2. Radweg mit Benutzungspflicht
Es geht einfach weiter. Ein reiner Radweg. Wenn dieses Schild zu erkennen ist, dann gilt der Weg als reiner Radweg. Die Fahrbahn ist tabu. Der Radweg ist für Fußgänger und Autos tabu. Als Radfahrer darf man allerdings auf die Fahrbahn ausweichen, wenn der Radweg in einen unzumutbaren Zustand oder versperrt (z.B. durch parkende Autos) ist. Ein Ausweichen auf einen Gehweg ist dagegen nicht erlaubt.
3. Radwege mit Benutzungspflicht, die direkt mit dem Gehweg geteilt sind
Auch noch recht einfach. Dieses Schild meint, dass Radfahrer die eine Seite und Fußgänger die andere Seite des Weges benutzen müssen. Soweit so logisch. Die Fahrbahn ist tabu.
Als Radfahrer darf man allerdings auf die Fahrbahn ausweichen, wenn der Radweg in einen unzumutbaren Zustand oder versperrt (z.B. durch parkende Autos) ist. Ein Ausweichen auf einen Gehweg ist dagegen nicht erlaubt.
4. Gemeinsame Geh- und Radweg mit Benutzungspflicht
Es gilt das Gleiche wie bei 2. und 3.. Allerdings teilen sich hier Fußgänger und Radfahrer einen Weg. Erhöhte Vorsicht und gegenseitige Rücksichtnahme sind unerlässlich.
5. Benutzungspflichtiger Zweirichtungsradweg als reiner Radweg
Es gelten die Ausführungen von 2. Bei einer solchen Radverkehrsanlage handelt es sich z.B. um einen Radweg, der rechts neben der Fahrbahn liegt und in beide Richtungen befahren werden muss.
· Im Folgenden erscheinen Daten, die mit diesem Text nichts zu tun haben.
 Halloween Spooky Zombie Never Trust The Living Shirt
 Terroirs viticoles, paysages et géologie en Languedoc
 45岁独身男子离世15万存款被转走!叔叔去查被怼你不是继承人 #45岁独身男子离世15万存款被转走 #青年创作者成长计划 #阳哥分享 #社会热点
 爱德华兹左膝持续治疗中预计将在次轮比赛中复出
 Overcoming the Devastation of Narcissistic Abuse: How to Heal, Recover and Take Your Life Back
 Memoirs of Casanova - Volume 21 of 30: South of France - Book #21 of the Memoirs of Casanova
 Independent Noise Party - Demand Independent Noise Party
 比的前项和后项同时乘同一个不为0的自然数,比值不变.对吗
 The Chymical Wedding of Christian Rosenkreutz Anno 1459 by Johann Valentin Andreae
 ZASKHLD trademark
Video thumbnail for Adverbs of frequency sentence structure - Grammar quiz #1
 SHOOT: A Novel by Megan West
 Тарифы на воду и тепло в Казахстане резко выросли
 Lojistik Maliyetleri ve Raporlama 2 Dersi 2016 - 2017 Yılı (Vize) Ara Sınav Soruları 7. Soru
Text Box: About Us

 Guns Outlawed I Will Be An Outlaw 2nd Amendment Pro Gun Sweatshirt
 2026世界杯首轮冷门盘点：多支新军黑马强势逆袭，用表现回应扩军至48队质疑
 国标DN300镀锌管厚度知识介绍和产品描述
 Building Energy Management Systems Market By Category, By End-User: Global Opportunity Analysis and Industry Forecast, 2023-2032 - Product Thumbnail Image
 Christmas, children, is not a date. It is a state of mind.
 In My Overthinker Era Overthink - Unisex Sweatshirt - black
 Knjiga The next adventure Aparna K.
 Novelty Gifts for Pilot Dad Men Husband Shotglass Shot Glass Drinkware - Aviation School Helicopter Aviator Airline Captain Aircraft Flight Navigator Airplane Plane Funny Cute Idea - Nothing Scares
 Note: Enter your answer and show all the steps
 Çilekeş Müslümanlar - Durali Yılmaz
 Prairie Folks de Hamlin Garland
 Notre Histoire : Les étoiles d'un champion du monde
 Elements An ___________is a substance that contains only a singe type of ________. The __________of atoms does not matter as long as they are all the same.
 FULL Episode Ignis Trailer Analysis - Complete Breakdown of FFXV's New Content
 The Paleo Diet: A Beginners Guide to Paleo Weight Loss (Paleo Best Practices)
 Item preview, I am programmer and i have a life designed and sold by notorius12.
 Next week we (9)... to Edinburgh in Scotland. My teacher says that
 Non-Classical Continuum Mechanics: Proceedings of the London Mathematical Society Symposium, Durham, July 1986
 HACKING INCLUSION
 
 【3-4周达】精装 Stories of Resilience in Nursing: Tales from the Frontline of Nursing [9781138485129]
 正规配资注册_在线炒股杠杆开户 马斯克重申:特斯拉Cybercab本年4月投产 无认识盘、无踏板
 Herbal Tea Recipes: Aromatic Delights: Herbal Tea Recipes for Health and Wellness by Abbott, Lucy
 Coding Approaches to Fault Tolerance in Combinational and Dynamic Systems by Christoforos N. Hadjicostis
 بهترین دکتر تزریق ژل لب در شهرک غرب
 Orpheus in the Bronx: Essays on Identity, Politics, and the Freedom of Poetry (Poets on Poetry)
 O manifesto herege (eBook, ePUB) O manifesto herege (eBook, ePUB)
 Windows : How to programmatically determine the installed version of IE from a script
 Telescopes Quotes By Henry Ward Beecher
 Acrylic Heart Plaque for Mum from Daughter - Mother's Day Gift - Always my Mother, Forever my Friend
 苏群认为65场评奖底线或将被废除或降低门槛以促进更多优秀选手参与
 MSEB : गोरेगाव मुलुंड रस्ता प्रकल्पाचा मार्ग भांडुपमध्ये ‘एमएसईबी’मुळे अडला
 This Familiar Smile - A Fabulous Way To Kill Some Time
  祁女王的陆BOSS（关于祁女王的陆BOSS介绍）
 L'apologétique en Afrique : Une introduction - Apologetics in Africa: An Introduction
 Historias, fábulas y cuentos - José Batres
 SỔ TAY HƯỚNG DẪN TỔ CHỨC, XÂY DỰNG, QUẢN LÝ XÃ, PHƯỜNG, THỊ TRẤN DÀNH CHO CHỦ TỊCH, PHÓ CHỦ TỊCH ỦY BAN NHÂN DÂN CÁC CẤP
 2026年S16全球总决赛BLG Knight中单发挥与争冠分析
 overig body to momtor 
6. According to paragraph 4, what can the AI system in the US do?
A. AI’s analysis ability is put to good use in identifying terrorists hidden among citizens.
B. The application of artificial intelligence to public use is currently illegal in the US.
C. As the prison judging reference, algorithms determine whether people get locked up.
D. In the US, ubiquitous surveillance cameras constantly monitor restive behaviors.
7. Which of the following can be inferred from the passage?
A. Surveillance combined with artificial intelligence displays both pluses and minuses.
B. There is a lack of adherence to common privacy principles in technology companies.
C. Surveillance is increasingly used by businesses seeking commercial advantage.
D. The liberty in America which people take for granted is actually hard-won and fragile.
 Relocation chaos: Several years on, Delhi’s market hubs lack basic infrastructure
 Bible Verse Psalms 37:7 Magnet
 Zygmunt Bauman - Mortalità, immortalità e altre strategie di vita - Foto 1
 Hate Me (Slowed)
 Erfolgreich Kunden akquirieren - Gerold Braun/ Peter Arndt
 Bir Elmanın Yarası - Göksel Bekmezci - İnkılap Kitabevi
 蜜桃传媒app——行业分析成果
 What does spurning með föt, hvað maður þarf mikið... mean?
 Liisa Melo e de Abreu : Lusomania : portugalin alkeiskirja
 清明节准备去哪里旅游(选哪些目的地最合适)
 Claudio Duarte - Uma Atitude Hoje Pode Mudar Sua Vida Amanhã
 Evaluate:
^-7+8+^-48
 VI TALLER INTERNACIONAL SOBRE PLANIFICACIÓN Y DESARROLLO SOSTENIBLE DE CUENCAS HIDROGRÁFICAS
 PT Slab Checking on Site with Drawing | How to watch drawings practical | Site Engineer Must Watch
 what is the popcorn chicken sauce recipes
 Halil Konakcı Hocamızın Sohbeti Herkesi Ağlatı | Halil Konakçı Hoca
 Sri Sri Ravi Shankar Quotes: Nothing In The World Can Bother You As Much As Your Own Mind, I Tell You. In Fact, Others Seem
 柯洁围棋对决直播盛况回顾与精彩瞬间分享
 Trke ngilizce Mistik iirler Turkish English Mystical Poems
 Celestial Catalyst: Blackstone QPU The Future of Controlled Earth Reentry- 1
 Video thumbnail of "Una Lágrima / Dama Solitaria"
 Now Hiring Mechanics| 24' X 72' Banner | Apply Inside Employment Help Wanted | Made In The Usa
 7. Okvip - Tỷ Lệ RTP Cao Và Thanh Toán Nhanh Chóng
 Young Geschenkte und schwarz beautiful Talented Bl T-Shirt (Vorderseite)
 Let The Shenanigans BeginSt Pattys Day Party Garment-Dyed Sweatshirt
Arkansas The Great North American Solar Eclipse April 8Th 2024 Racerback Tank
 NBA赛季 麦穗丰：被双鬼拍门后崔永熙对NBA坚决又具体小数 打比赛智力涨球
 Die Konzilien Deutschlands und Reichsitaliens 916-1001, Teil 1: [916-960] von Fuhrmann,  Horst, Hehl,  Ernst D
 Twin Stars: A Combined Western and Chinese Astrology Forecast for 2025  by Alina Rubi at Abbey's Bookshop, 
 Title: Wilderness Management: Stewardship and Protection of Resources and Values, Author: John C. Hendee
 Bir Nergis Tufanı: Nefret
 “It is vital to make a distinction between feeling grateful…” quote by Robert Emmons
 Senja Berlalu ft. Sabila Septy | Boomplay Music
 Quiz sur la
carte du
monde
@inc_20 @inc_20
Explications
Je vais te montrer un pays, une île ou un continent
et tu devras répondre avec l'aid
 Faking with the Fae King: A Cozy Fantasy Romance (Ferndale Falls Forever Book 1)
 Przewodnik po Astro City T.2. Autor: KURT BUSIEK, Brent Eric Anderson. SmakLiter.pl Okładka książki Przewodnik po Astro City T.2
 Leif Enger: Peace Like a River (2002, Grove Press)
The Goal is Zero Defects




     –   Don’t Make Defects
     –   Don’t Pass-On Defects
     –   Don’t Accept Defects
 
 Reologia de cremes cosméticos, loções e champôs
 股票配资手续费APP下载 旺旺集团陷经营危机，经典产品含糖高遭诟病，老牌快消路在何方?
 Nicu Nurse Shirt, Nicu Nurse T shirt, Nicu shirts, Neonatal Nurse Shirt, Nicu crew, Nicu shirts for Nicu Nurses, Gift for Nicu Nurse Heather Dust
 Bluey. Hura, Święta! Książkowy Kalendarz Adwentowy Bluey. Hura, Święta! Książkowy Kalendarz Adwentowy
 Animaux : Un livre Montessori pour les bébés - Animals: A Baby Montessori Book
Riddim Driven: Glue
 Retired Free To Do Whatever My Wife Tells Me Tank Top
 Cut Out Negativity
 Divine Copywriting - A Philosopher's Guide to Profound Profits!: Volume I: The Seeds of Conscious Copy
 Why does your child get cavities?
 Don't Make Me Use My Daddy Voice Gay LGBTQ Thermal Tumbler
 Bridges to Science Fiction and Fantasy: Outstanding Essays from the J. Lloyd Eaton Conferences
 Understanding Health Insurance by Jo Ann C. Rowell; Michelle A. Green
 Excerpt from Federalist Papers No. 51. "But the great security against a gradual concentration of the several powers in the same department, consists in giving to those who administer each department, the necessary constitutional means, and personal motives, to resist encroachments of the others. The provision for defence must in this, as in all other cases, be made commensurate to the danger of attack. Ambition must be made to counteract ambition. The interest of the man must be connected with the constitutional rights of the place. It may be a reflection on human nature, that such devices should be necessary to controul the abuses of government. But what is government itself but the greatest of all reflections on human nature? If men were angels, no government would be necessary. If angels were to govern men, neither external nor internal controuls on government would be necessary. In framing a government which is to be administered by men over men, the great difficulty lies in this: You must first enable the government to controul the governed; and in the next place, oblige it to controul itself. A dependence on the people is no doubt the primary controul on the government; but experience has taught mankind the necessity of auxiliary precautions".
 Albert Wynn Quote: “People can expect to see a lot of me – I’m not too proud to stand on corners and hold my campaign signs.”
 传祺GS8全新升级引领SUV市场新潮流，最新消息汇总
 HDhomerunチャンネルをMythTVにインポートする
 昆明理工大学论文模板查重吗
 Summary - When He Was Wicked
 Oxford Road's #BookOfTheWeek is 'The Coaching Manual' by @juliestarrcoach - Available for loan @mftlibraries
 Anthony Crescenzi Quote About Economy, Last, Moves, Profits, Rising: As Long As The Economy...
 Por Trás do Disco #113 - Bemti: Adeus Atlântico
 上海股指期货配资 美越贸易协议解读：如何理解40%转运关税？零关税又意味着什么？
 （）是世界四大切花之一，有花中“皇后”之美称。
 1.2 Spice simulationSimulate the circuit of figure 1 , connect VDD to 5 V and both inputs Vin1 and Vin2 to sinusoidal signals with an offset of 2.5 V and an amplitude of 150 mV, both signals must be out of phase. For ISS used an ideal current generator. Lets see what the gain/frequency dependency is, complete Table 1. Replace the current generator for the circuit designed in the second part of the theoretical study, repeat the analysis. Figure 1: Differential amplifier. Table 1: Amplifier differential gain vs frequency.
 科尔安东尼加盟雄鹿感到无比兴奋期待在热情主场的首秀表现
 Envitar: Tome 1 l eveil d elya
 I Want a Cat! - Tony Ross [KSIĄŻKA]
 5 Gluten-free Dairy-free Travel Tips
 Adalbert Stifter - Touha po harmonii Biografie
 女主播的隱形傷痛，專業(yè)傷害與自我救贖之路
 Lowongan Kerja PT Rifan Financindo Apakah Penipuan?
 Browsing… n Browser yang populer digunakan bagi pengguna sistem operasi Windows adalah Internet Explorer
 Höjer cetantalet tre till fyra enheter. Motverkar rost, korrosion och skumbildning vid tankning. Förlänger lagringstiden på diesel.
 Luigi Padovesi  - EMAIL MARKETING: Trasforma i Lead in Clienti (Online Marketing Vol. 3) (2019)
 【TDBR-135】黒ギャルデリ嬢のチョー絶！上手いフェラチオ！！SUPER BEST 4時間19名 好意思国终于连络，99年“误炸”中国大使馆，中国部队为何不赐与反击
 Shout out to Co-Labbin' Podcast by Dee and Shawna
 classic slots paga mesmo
6. Benutzungspflichtiger Zweirichtungsradweg als getrennter Geh- und Radweg
Hier gilt Nummer 3 in Verbindung mit Nummer 5.
7. Benutzungspflichtiger Zweirichtungsradweg als gemeinsamer Geh- und Radweg
Hier gilt Nummer 4 in Verbindung mit Nummer 5.
8. Radweg ohne Benutzungspflicht
Jetzt wird es wieder spannend. Hier gilt, wenn ein Radweg baulich erkennbar ist, jedoch nicht mit einem entsprechenden Verkehrszeichen als Radwegebenutzungspflicht angeordnet ist, ist dies ein Radweg ohne Benutzungspflicht. Logisch oder?
Wenn ihr so einen Radweg ausgemacht habt, dann dürft ihr ihn benutzen, aber ihr könnt auch auf der Fahrbahn fahren.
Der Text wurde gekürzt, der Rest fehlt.